Caldwell 46
NGC 2261, Hubble's Variable Nebula
13’ x 9’ | 0.3”/px | 2728 × 1818 px | full resolution
Monoceros
RA 6h 39m 10s Dec +8° 44’ 54” | 0°
Caldwell 46, also known as NGC 2261 or Hubble's Variable Nebula, is a variable nebula located in the constellation Monoceros. The nebula is illuminated by the star R Monocerotis (R Mon), which is not directly visible itself. The first recorded observation of the nebula was by William Herschel on 26 December 1783, being described as considerably bright and 'fan-shaped'. It had long been designated as H IV 2, after being the second entry of Herschel's class 4 category for nebulae and star clusters, in his catalogues of nebulae. Caldwell 46 was imaged as Palomar Observatory's Hale Telescope's first light by Edwin Hubble on January 26, 1949, some 20 years after the Palomar Observatory project began in 1928. Hubble had studied the nebula previously at Yerkes and Mt. Wilson.
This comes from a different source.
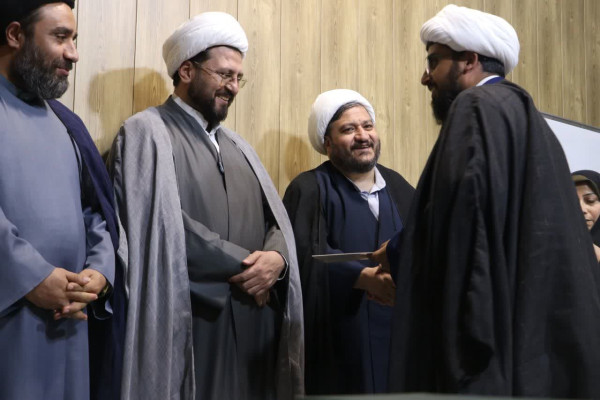 آیین تکریم و معارفه در سنگر فرهنگ و تبلیغ استان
Hubble had taken photographic plates with the Yerkes 24-inch (60.96 cm) reflecting telescope in 1916. Plates were taken using the same telescope in 1908 by F.C. Jordan, allowing Hubble to use a blink comparator to search for any changes over time in the nebula. A timelapse of NGC 2261 was taken over a period of 6 months by over 20 amateur astronomers at the Big Amateur Telescope from October 2021 – April 2022. In August 2022, the project was resumed as NGC 2261 came out from behind the Sun. Light 'ripples' can be seen propagating, at light speed, from the central star as it varies in intensity and illuminates the surrounding nebula. The star R Monocerotis has lit up a nearby cloud of gas and dust, but the shape and brightness slowly changes visibly even in small telescopes over weeks and months, and the nebula looks like a small comet. One explanation proposed for the variability is that dense clouds of dust near R Mon periodically block the illumination from the star. This casts a temporary shadow on the nearby clouds.
Source: Wikipedia
Data Acquisition
Data was collected during 12 nights from September 2025 until January 2026, using a 14” reflector telescope with full-frame camera at the remote observatory in Spain. Data was gathered using standard LRGB filters. A total of approximately 16 hours of data was finally combined to create the final image.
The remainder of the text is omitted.